In my prior submission, I noted that there is no section in the CPPA on international data transfers, particularly ironic given the emphasis on global flows of personal data in all the government’s explanatory material. I know of no other modern privacy law that fails to give businesses proper guidance on what they must do if they want to process personal data offshore. The only requirement is for the organization to require the service provider (by contract or otherwise) to ensure a level of protection of the personal information “equivalent to that which the organization is required to provide under this Act” (Section 11(1)). This due diligence applies whether the business is transferring personal data to another province in Canada, or overseas to a country, that may or may not have strong privacy protection or indeed a record for the protection of human rights. This is particularly troubling because “an organization may transfer an individual’s personal information to a service provider without their knowledge or consent” (Sec. 19)
I do not advocate a Canadian “safe harbor” or adequacy approach like the EU. But Quebec has, I believe, legislated an appropriate compromise under section 17 of Law 25 which requires businesses to do an assessment, including of the legal framework, when sending personal information outside Quebec.[1] As many Canadian businesses will have to comply with the Quebec legislation, these provisions should be mirrored in C-27.
Conclusion
I have outlined reasons why the recent adequacy judgement about Canadian data protection should be read in context and in its entirety.

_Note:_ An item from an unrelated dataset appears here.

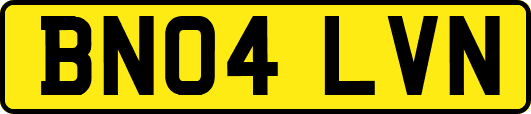 BN04LVN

The arguments for the modernization of Canada’s privacy protection framework advanced by the government and other stakeholders over the last several years remain valid. The reality is that Canada needs stronger privacy protections for our citizens, regardless of the demands of our European partners. Bill C-27 has been subject to many compromises already. It should not further be weakened on the grounds that the status quo has been found “adequate.” On the contrary, the committee has heard from many witnesses about how the Bill should be strengthened to advance the essential human right to privacy, both to promote the rights of our citizens, and to protect the vital interests of Canadian businesses in the global economy.
______________________
[1] Quebec, An Act to Modernize legislative provisions as regards the protection of personal information (Law 25) (2022). Sec. 17: “Before communicating personal information outside Québec, a person carrying on an enterprise must conduct a privacy impact assessment. The person must, in particular, take into account:
(1) the sensitivity of the information;
(2) the purposes for which it is to be used;
(3) the protection measures, including those that are contractual, that would apply to it; and
(4) the legal framework applicable in the State in which the information would be communicated, including the personal information protection principles applicable in that State.”